Meinung: Aliens spionieren uns aus? Die Ideen dieses Harvard-Forschers nerven nur noch

Das vor Kurzem entdeckte Objekt 3I/Atlas könnte Aliens als Ursprung haben, behauptet der Astrophysiker Avi Loeb. Doch er fiel schon öfters mit gewagten Thesen auf.

Mal wieder Avi Loeb! Wer in den vergangenen Jahren die Astro-Nachrichten ein wenig verfolgt hat, wird bei dem Namen entweder aufhorchen oder aufstöhnen. Der Professor der Harvard University, das muss man ihm zugute halten, sorgt in seinem Forschungsfeld regelmäßig für Unterhaltung. Und er liefert Schlagzeilen, die der Astronomie und ihren zuweilen nischigen Beobachtungen weltweit Aufmerksamkeit sichern. 

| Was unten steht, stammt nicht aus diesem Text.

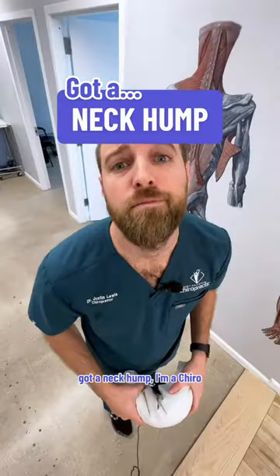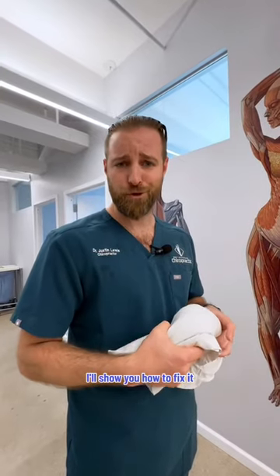The neck hump — I'm a chiropractor. I'll show you how to fix it.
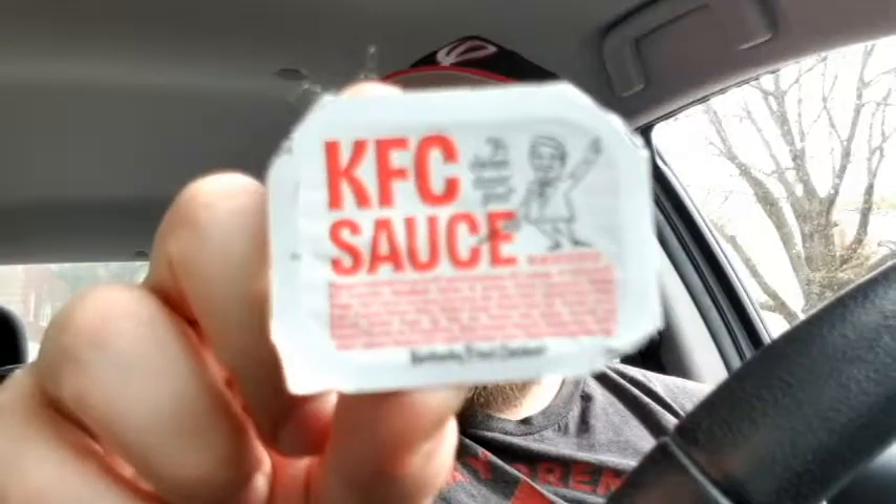Hey everyone, it's John back again with another review in the car. It's two in a row. Today I'm going to be doing a review from KFC. The purpose of this review is to review the KFC sauce.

So auch nun wieder. Anfang Juli hatten Forschungsteams ein Objekt im Sonnensystem entdeckt, das nicht „von hier“ stammt, sondern das Sonnensystem nur als Gast durchfliegt. 3I/Atlas ist überhaupt erst das dritte Objekt, das als „interstellar“ identifiziert wurde. Auch ohne Loeb bekam 3I/Atlas viel Aufmerksamkeit, doch der Astrophysiker hat den Presserummel nun auf die Spitze getrieben, indem er anzweifelt, dass es sich bei dem Objekt um einen schnöden Kometen handelt und nicht doch um außerirdische Technologie. 

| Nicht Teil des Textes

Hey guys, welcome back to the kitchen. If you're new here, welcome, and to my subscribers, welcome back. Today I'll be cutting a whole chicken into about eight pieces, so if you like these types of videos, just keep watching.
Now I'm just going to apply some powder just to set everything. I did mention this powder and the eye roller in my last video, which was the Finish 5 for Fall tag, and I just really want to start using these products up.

Die Mehrheit der Astronominnen und Astronomen hätte auf diese Einlassung wohl gut verzichten können. Denn wie so oft muss Loebs Kollegenschaft nun seine Spekulationen wieder einfangen. Sie müssen die öffentliche Erwartung dämpfen, dass die Forschung endlich Beweise für extraterrestrisches Leben gefunden habe, ja sogar, dass diese Außerirdischen sich nicht auf fernen Exoplaneten tummeln, sondern in unserer direkten Nähe, uns gar einen Besuch abstatten wollen. 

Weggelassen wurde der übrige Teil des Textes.